KD’s going bungee jumping after the presser

On the other hand, I love KD. Dude is so fluid on the court. And I always make sure I’m not downloading “Doodle Jump” when a Thunder game is on. Plus, I seriously love that he single-handedly tried to make wearing backpacks cool a couple years ago. Also, he reps the DMV.

Oh, you know who else is kicking themselves over the Thunder’s ascension? The Portland Trailblazers. Remember, Durant went second in the 2007 draft and the Blazers had the number one pick that year. And you know whenever Portland has a choice between a dynamic, high-scoring, charismatic, franchise-building superstar and an injury-prone big man, they’re always going to go for the big man. It’s their gift and their curse.
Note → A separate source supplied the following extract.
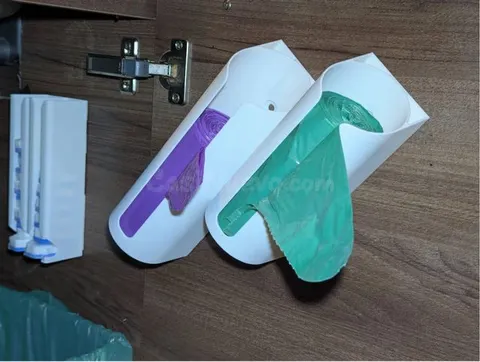 Porta Bolsas para Atornillar - ¡Organización y Sostenibilidad en tu Hogar!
An OKC title also means a sixth ring for D-Fish, officially making him the Steve Kerr of the 21st century. (Wonder how Kobe will feel about that.) The other reason to root for OKC?

Two words: the beard.

Would I love to see Durant crowned an NBA champion before Lebron? God, yes! Imagine the following scenario: it’s game 7 in OKC with the score tied in the waning moments and Durant rises up to nail a three with 10 seconds left on the clock. In the ensuing possession, James plays hot potato with D-Wade until Mario Chalmers throws up a desperation three that clanks against the back of the rim while time expires. That would be glorious.

Of course, that would also mean Clay Bennet (who I admit is way eviler than Lebron) would be handed the trophy by Stuart Scott. And the entire city of Seattle would burst into tears (it’ll probably already be raining) while Shawn Kemp and Xavier McDaniel turn over in their graves.

I’m sure Thunder-Heat is going to be a hell of an entertaining series to watch, and to be honest, I really don’t have a dog in this fight.